Exercise objective: Beginning with the line that contains "世界杯8强对阵规则解析:单场决胜的残酷赛制", reproduce every line through the end of the records below exactly, and leave the pictures out.

Data in this exercise:
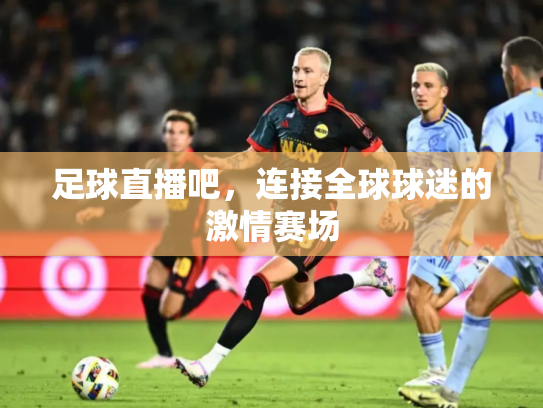 足球直播吧，连接全球球迷的激情赛场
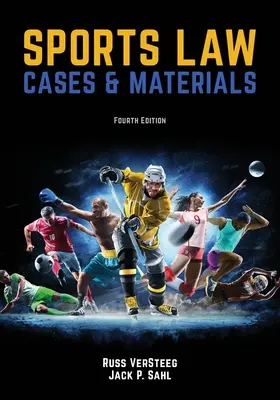 Sportjog: Esetek és anyagok 4. kiadás - Sports Law: Cases and Materials 4th Edition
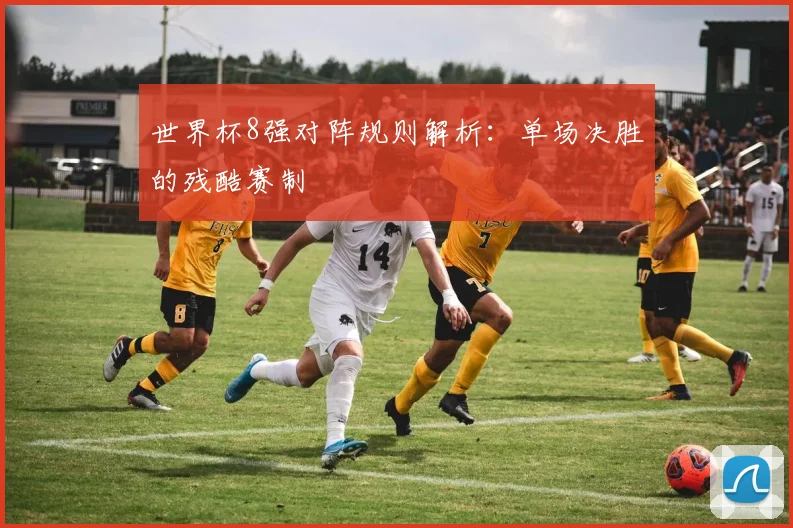 世界杯8强对阵规则解析:单场决胜的残酷赛制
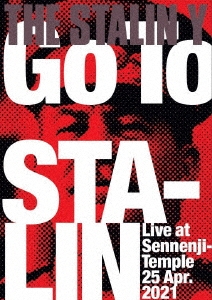 THE STALIN Y/GO TO STALIN Live at Sennenji-Temple 25 Apr.2021[INUI-002]
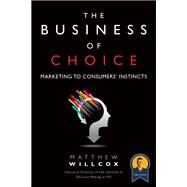 The Business of Choice Marketing to Consumers' Instincts (Paperback) by Willcox, Matthew, 9780134772042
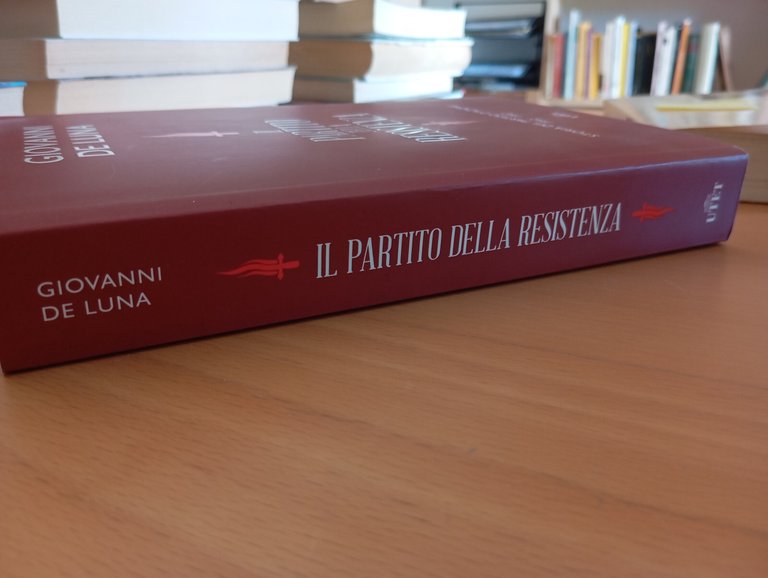 Il partito della resistenza. Storia del partito d'azione, Giovanni De …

Exercise result:
 世界杯8强对阵规则解析:单场决胜的残酷赛制
 THE STALIN Y/GO TO STALIN Live at Sennenji-Temple 25 Apr.2021[INUI-002]
 The Business of Choice Marketing to Consumers' Instincts (Paperback) by Willcox, Matthew, 9780134772042
 Il partito della resistenza. Storia del partito d'azione, Giovanni De …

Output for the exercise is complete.